Director Jerry Rothwell plays on this brilliantly. He sets up scenes in which the donor children’s mothers are reminiscing about what a piece of top-class specimen Jeffrey appeared to them on paper, and how they fell in love with him through his donor profile, and follows them with clips of Jeffrey putting a head band on his dog, or cooing with his new pet pigeon. He does well not to milk it though because, despite his oddities, Jeffrey is a rather loveable guy, and he is just as keen to meet his kids as they are him. The a-typical quirky music that accompanies every image, however, may wind you up after a while.
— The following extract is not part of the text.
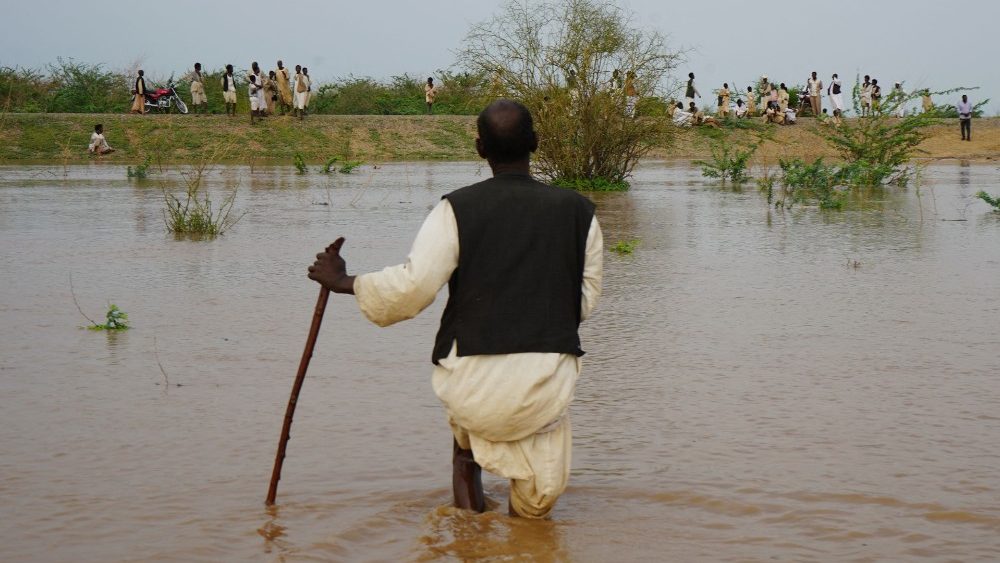 Um homem sudanês caminha por uma área inundada perto do rio al-Qash em 18 de agosto de 2022 em Aroma, no estado oriental de Kassala, uma das regiões mais afetadas no Sudão devido às chuvas torrenciais desta semana. - O número de mortos por inundações subiu para mais de 75 com fortes chuvas danificando dezenas de milhares de casas, segundo a polícia no início desta semana, embora chuvas torrenciais geralmente caiam no Sudão entre maio e outubro, quando o país enfrenta graves inundações, destruindo propriedade, infra-estrutura e culturas. (Foto de Hussein ERY/AFP)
The final meetings between JoEllen, her half-brother Fletcher (just a couple in what is a group of about 14 siblings at this point) are touching and real; surprisingly restrained and delicate, rather than saccharine, emotional cry-fests. Rothwell clearly doesn’t bate anyone into making it overly sentimental. That is partly, I think, what makes the film quite unique. The meetings are awkward, slightly uncomfortable, and the kids aren’t blown away, but they want a relationship with this man nonetheless.

Donor Unknown offers a great deal of insight into how the donor registry works and how thousands of children can now find out if they have unknown siblings (one random search shows that just one man has 58 children across America!). If at times it might not be as exciting as the story suggests, it is certainly intriguing throughout. One of the most striking images from the film is the overlaying of all the kids faces on top of each other, showing just how similar they all are. That’s quite freaky stuff, when you think none of them had met before.